Far too many of my interactions with the people who consider themselves “San Francisco style elite” are repulsive.
Most recently I was standing in a group of people backstage at a fashion show when a local designer sauntered into the room and singled out one person to say hello to, pointedly snubbing the rest of us. I have to wonder, does he think that’s good for business?
I’ve had the opportunity to get to know some of the most amazing creative people in the world, and all of the best are courteous and are genuinely interested in everybody. Elitism is one of the clearest indicators of mediocrity.
When I stopped by Christopher Collins‘ boutique on Sutter Street the other night to see his most recent collection, I didn’t see any of that elitism. Instead, I saw not only beautiful clothing, but a community of people brought together by a wonderful man.
Christopher’s clothes compliment so many different body types, from the tall and statuesque to the nine months pregnant, but even better than how they look is how they make women feel.

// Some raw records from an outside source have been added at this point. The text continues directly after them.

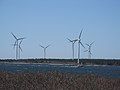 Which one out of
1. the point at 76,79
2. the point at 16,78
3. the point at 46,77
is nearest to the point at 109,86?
the point at 76,79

Every time someone stepped out of the dressing room they had a huge smile across their face.
So often people step out of dressing rooms looking doubtful and disappointed by the clothes they try, but Christopher’s clothing is a compliment to the woman who puts them on.
Those who showed up to see and try his new collection felt more like family than customers. There were babies, mothers, fashionistas, clothes lovers of advanced age and an aspiring young fashion designer named Finn.
The boutique also carries a line of gorgeous scarfs, handbags and wraps by Ella Lou, a company focused on ethical business that imports hand-made, one-of-a-kind products from around the world.
Christopher and his creative director Erica Filanc Ttanamachi (who was nine months pregnant) drew all these different people together with great clothes and a way of doing business that is friendly, open and inclusive, all of which are marks of greatness.